TASK TO CARRY OUT: Below are the records; extract from them the line containing "Bố bỏ đi, bốn" to the line containing "राज्यपाल ने अंतरराष्ट्रीय", both lines included, exactly and with no pictures.

PROVIDED DATA:
---
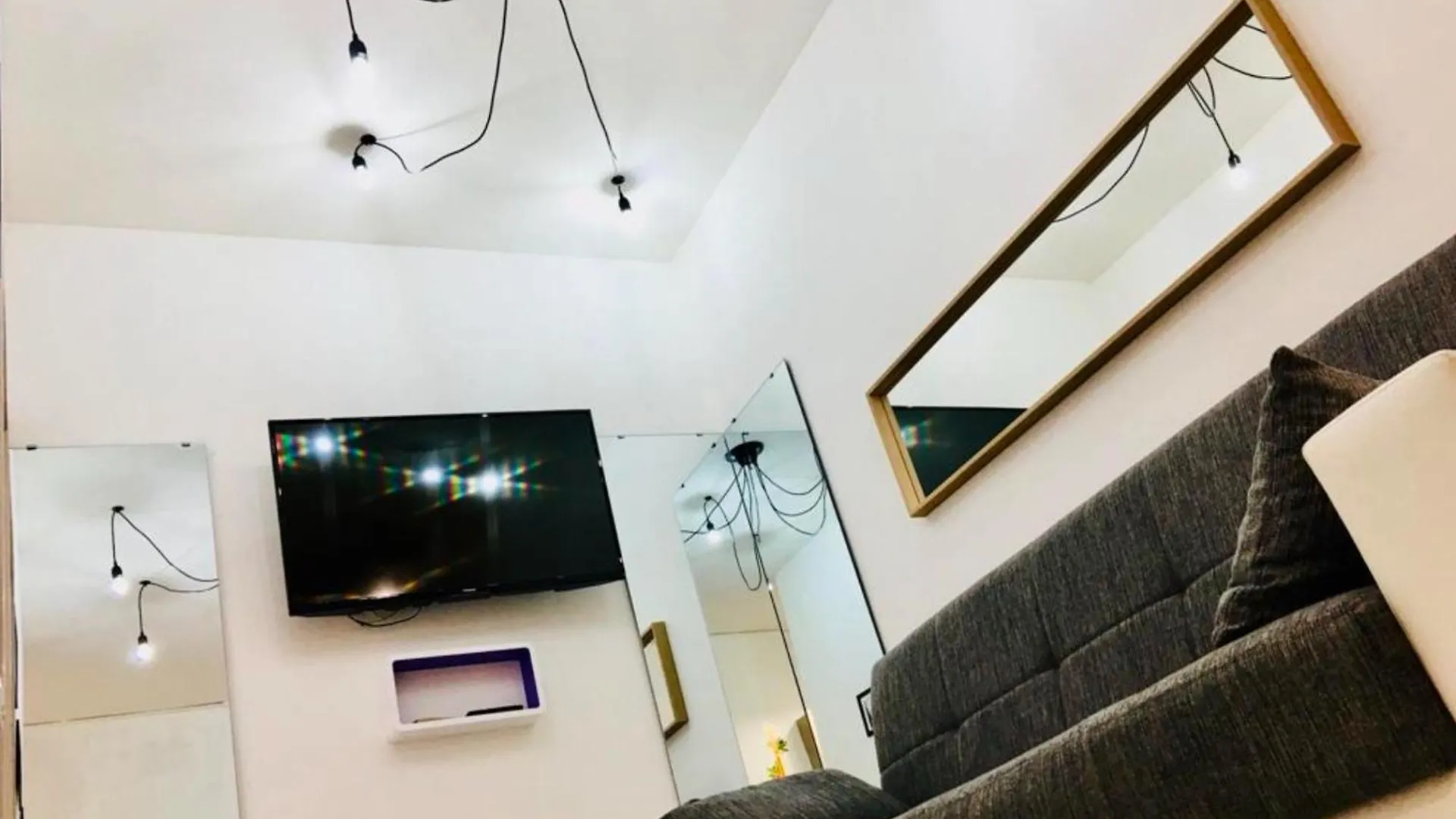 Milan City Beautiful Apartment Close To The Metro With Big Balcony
---
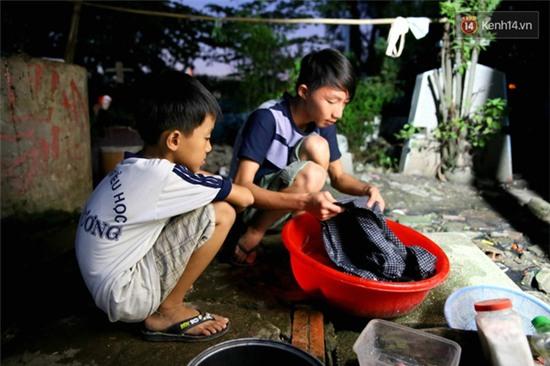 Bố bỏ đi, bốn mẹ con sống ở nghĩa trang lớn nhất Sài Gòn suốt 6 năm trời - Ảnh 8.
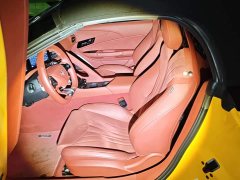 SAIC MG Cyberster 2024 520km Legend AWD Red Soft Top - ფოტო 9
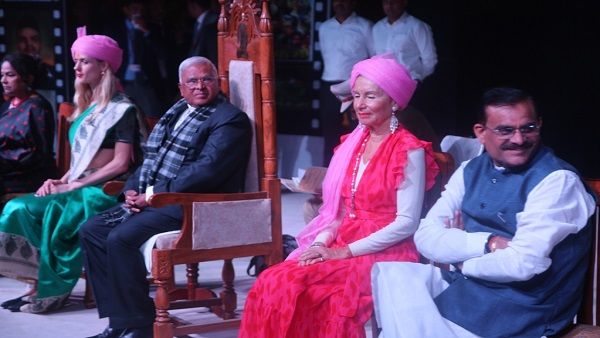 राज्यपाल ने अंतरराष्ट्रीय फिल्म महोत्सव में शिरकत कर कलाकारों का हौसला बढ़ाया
---
EXPECTED OUTPUT:
 Bố bỏ đi, bốn mẹ con sống ở nghĩa trang lớn nhất Sài Gòn suốt 6 năm trời - Ảnh 8.
 SAIC MG Cyberster 2024 520km Legend AWD Red Soft Top - ფოტო 9
 राज्यपाल ने अंतरराष्ट्रीय फिल्म महोत्सव में शिरकत कर कलाकारों का हौसला बढ़ाया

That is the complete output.